From the Republic:

The AAA travel and financial services club will locate up to 1,100 new jobs over the next three years in Glendale as it creates a regional customer service and information technology center in the West Valley.

Roughly 500 of the jobs are considered “high-wage” positions, paying more than $75,000 a year, said Barry Broome, chief executive of Greater Phoenix Economic Council, which helped broker the deal. Up to half of the jobs would be call-center positions that would pay less than Maricopa County’s median household income of $46,111.

When fully staffed, the facility will employ up to 1,400, according to AAA, and will be one of the city’s largest employers.

Sounds like good news, doesn’t it? Not quite…

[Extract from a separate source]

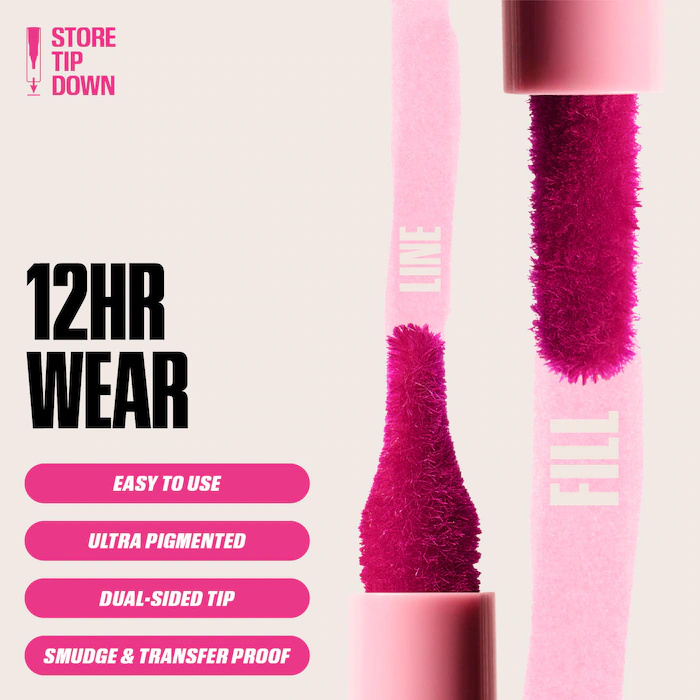 Lápis delineador labial marrom - Huda Beauty Makeup Bag avaliação e preço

City Council members will hold a special meeting Thursday to discuss, and likely accept, the 10-year incentive package the city is offering AAA. Glendale is offering to:

&bul; Give AAA $1,200 for every job the company creates that pays more than $50,000.

&bul; Reimburse the company up to $750,000 for facility rehabilitation and waive permit fees up to $49,700.

That $1,200 subsidy per job doesn’t sound like much, but about 700 of the jobs will qualify for it. That’s $840,000 of the taxpayers’ money to buy these jobs. Given that it’s a “10-year incentive package”, I’m wondering if it’s $840,000 per year. Throw in another three-quarters of a million for redecorating and some miscellaneous regulatory relief, and the owners of AAA – a profit-making enterprise – brought home quite a score.

“But, but, but!,” the City of Glendale and the Greater Phoenix Economic Council will exposulate:

The project is expected to pump $42 million into Glendale’s economy over 10 years.

As always, it’s the seen and the unseen. Whether the total price tag is $1.6 million or $9.1 million, it remains that the City of Glendale is going out of pocket to buy jobs. Certainly those jobs have an economic benefit, but we can never know what economic benefits are lost by robbing a profit-producing Peter to pay corporate welfare to a profit-devouring Paul. All we can know is that what might have happened will not.

Here’s a simple lens for distinguishing one from the other, though:

The businesses that do best for everyone – their clients, their employees and their investors – are the ones that are so busy making money that they don’t have time to wrangle deals to rob the taxpayers.